No outro dia ao andar na Via do Infante (A22) no Algarve fiquei com a impressão que circulavam muito menos carros do que antes do estabelecimento das portagens. Essa impressão foi depois confirmada, por exemplo em artigo da revista do ACP de Abril de 2012. A A22 teve uma quebra de 48,4% no 4º trimestre de 2011 em relação a idêntico período de 2010. Outras ex-SCUTs (Sem CUsto para o Utilizador) tiveram quebras inferiores mas significativas, exemplos dados são 30,9% na A23, 29,6% na A24 e 18% na A25.
A situação fez-me pensar no risco que corremos de, depois de termos gasto provavelmente uma quantidade excessiva de dinheiro em estradas, chegarmos à situação ridícula e triste de “não termos dinheiro” para as usar, diminuindo a produtividade e a tão falada competitividade do país ao não resistir a cobrar uma receita extra aos utilizadores das estradas que já as pagaram várias vezes, como contribuintes do IRS, do IVA e sobretudo como pagadores do “Imposto sobre Produtos Petrolíferos”.

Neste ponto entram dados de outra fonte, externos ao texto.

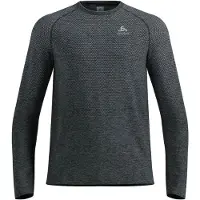 Odlo Essential Seamless T-Shirt Crew Neck L/S Maglia da corsa Uomo (M, grigio/nero)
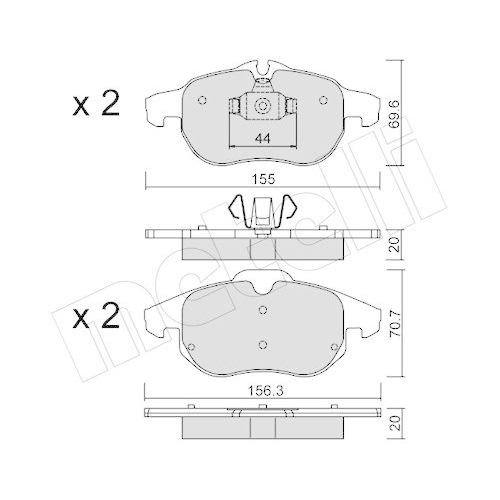 Bremsbelagsatz Scheibenbremse Metelli 22-0540-0 für Fiat Opel Saab Vauxhall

Se for difícil justificar a construção das ex-SCUTs, ainda será mais difícil justificar que se cobre aos utilizadores pelo seu uso pois ao fazê-lo diminui-se a utilização de um bem com potencialidade para melhorar a produtividade do país/região. O preceito de conceder a utilização de um bem a quem lhe dá mais valor e está disposto a pagar mais por ele fará sentido numa situação de escassez do bem, originando uma renda de congestionamento. Caso não haja congestionamento é irracional cobrar para seleccionar quem utiliza.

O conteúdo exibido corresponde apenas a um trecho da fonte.